On August 8, 2008, healthcare director general Ray Busuttil wrote back granting permission, pending approval from the Curia and the police.

The Office of The Prime Minister was also informed of the find by the Curia, which is partly responsible for the church, and, on October 15, Bishop Annetto Depasquale wrote to the rder saying the Archbishop found no objection in transferring the remains.

The project of moving the bones once they are preserved – which has not happened yet – was, however, shelved and then it was time for a change in the Malta association’s leadership.

In 2009, the association also wrote to Chris Ciantar, permanent secretary at the Resources Ministry, who, on March 26, replied that the matter should have been referred to the superintendence. The latter, however, only came to know of the find last week, according to superintendent Anthony Pace.

In hindsight, the Knights admit they should have contacted the superintendence immediately but they resent being seen as “cowboys” with no respect for the law.

“Now we realise we should have contacted the superintendence and not these authorities but we were not trying to keep it hidden,” Daniel de Petri Testaferrata, chancellor of the association, said.

Before falling in the hands of the Knights, the basement of Casa Cassar was previously used as a restaurant and a barber shop.

The president of the Malta Association of the Sovereign Military Order of Malta, Philip Farrugia Randon recounts that when the knights went about their work on the basement after having finished the building of Casa Lanfreducci, which now houses the association’s headquarters, the place was in total disarray.

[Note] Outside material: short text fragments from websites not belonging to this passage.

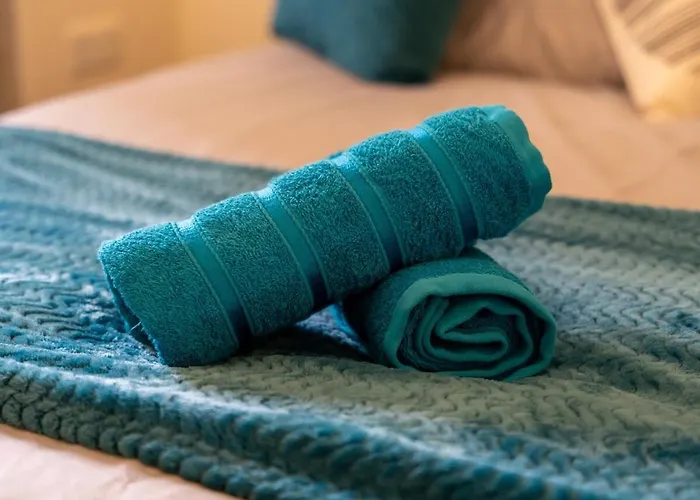 公寓 Chic 2br House W Parking & High-speed Wifi *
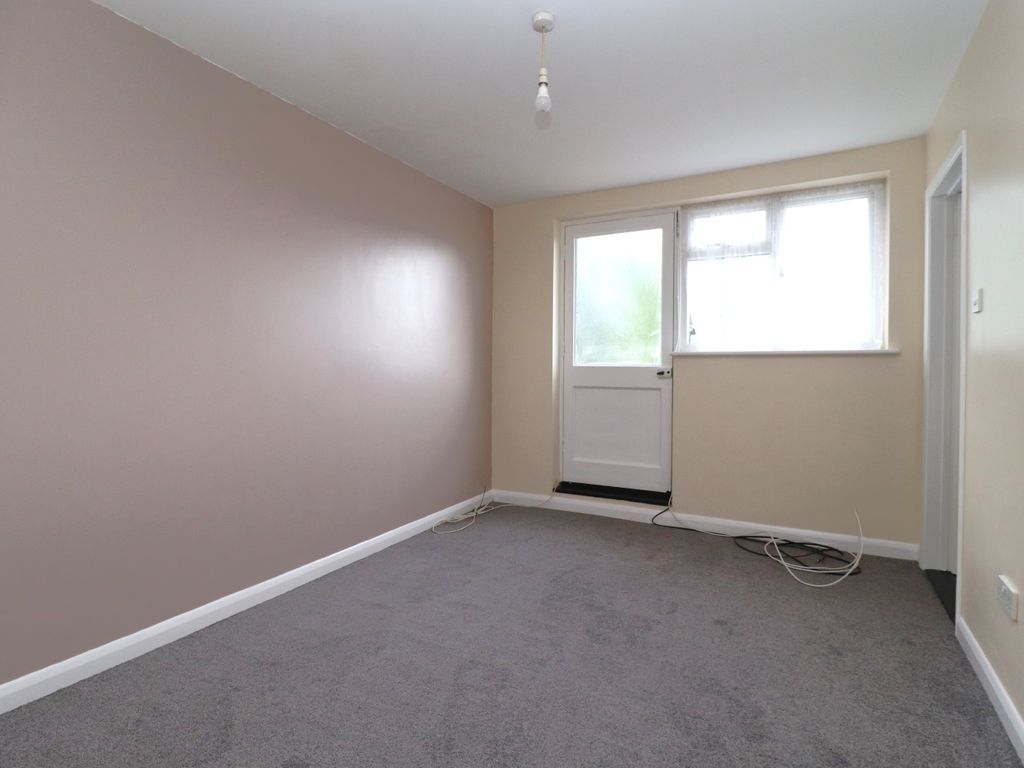 1 bed flat to rent in High Street, Botley, Southampton SO30, £750 pcm
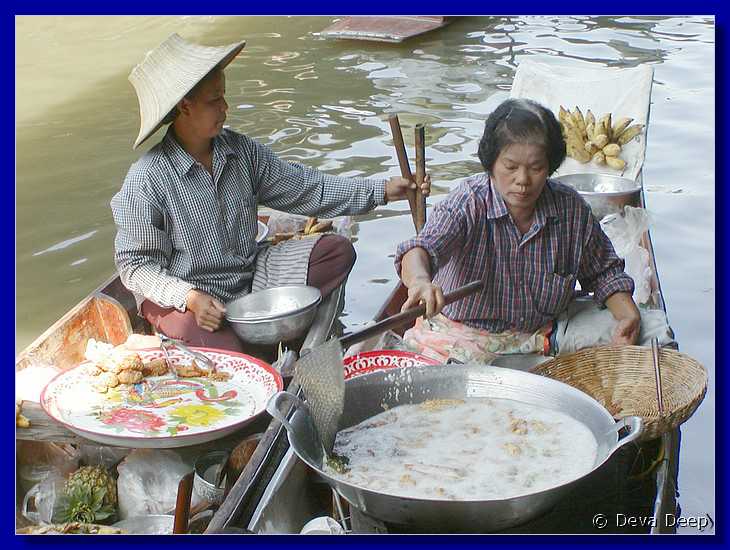 Damnoen Saduak floating market 20031203 103914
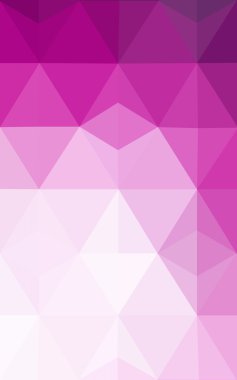 Üçgenler ve degrade origami tarzında oluşan pembe poligonal tasarım deseni.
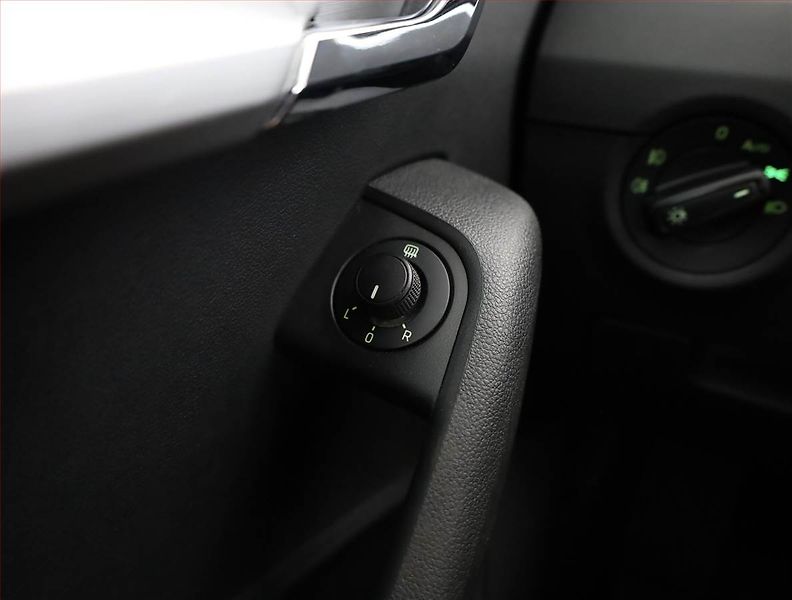Škoda Octavia (2019) 1.6 TDI, Serv.kniha, Tempomat - fotka 14 z 15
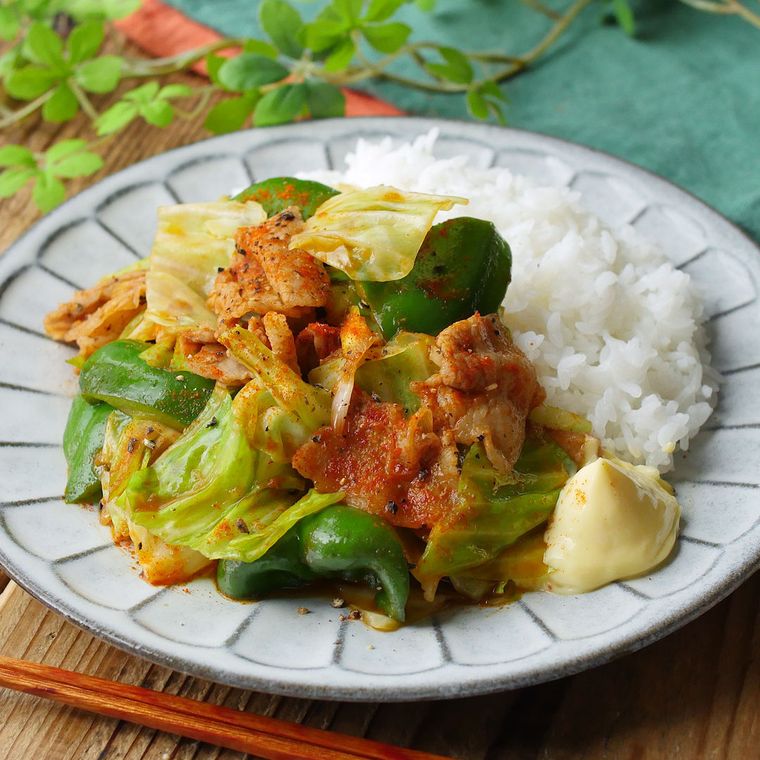 白い陶器に盛り付けた豚肉とキャベツのメキシカン炒め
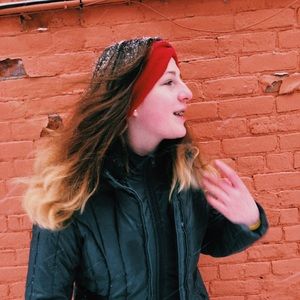 Meet your Posher, Adriana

Casa Lanfreducci was completed in the 1990s according to old plans and the place was in total ruins before the knights took over.

The order also categorically denied it carried out any rock cutting in the area of the basement’s floor, a point the ministry had used as criticism.

Asked who had put the remains in the pasticceria assortita (assorted pastries) boxes, Dr Farrugia Randon said he could not say exactly as this had happened before he became president but that the choice of container was regrettable.

The basement is closed off as the Superintendence for Cultural Heritage is carrying out investigations on site.